Si sente l’ultimo esponente dell’eleganza nel mondo del tennis?

«Non direi. Ma è vero che guardandomi indietro, a quello che era questo sport cinquanta o venticinque anni fa, quando arrivai a giocare contro Sampras, mi sento più vicino a quelli che giocavano in un modo molto classico. Oggi sono tutti ugualmente forti. Nella battuta, a rete, da fondo campo, nei movimenti… Il tennis è diventato uno sport più di movimento che di tiri e di talento. È più il lavoro che la bravura che ti porta al vertice oggi. In questo senso, mi trovo svantaggiato rispetto allo stile attuale. Ho dovuto correggere molte cose nella mia carriera, ma sono fiero di averlo fatto in un modo che mi ha permesso di mantenere la mia eleganza ».

Pensa che questo modo di giocare che lei rappresenta si tornerà a vedere ad altissimo livello?

«Mi sembra difficile. Non mi pare che questo sport stia tornando a quello che era. Oggi tutti si muovono molto bene, battono con grande potenza… Forse accadrà tra vent’anni, ma non oggi».

Oltre ad essere il giocatore che ha intascato più soldi grazie ai titoli vinti (sessanta milioni di euro), Forbes ha stimato che i suoi sponsor gli facciano guadagnare più di trenta milioni di euro l’anno. Nonostante la tentazione di continuare a vivere solo dei proventi della sua immagine, lei è convinto di avere ancora molto da dire sul campo.

«Non vedo ancora la fine della mia carriera. Ho dei figli, sono loro la mia priorità, ma amo il tennis e spero di continuare ancora a lungo. Poi, chissà cosa accadrà fra uno, tre o cinque anni? Non so quando andrò in pensione, ma vivo la cosa serenamente e spero di continuare a giocare il più a lungo possibile.

Tutto dipende da come ti senti fisicamente e mentalmente. Molti si stancano, sono tentati di fare altro. Per me l’importante è rimanere il più a lungo possibile vincente sul campo e continuare a divertirmi nel farlo; finora, lo sforzo vale ancora la pena. Amo questo gioco, e amo vincere. Oggi più che mai posso scegliere i tornei che voglio, non mi sento in dovere di partecipare a quelli dove non mi va di andare. È tutto più rilassato. Così voglio giocare: senza la sensazione di doverlo fare».

Una questione di principio che la conduce al punto di vantarsi di non guardare più le partite di un torneo, quando viene eliminato.

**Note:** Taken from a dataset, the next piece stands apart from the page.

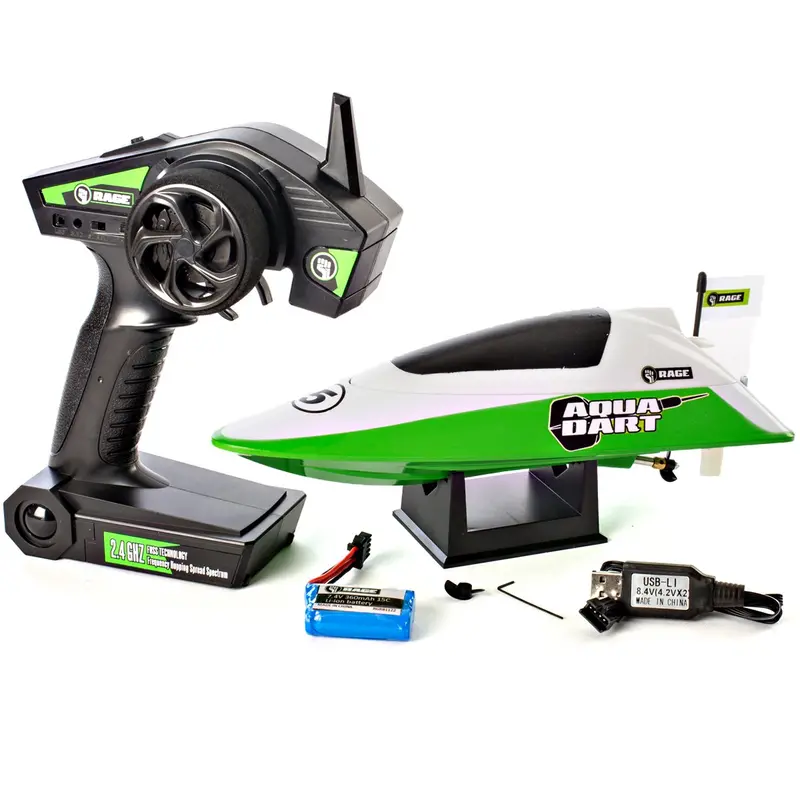 Rage Rc Aqua Dart Boat, White/Green, Rgrb1100 1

«Durante la finale degli ultimi Internazionali d’Italia a Roma stavo passeggiando con i miei figli in un bosco svizzero. Qualcuno mi ha detto: ‘Ha vinto Djokovic’. E io ho risposto: ‘Bene, bene’. Non mi suscita niente, nessuna sensazione. Mentre partecipo a un torneo, vedo tutte le partite. Studio i miei rivali, il terreno di gioco, il clima… Tutti gli elementi che contano. Ma quando la mia partecipazione a un campionato giunge al termine, spengo l’interruttore. Smetto di vedere le partite. Non mi interessa chi arriva alla finale, né chi la vince».

Sua moglie, Mirka Vavrinec, è stata una tennista come lui e, dopo essersi ritirata per un infortunio al piede, è diventata la sua ferrea rappresentante. Le sue figlie gemelle, Myla Rose e Charlene Riva, stanno per compiere cinque anni e hanno da poco avuto dei fratellini, gemelli anche loro, Leo e Lenny. Cosa vede oggi, quando si guarda allo specchio?

«Semplice: un giocatore di tennis professionista, un marito, il padre di quattro figli».

E chi vuole essere dopo il tennis?

«Un uomo dedito alla famiglia. Come lo sono adesso, ma forse dopo potrò godere di più momenti intimi con le persone a me più care, in Svizzera. E voglio dedicare più tempo a cose che non ho potuto fare. Oggi il più delle volte non posso decidere se voglio andare a sciare o partire per un weekend a sorpresa con mia moglie. O trascorrere una serata romantica con lei. Forse questo è il tipo di cose che spero di poter fare quando andrò in pensione».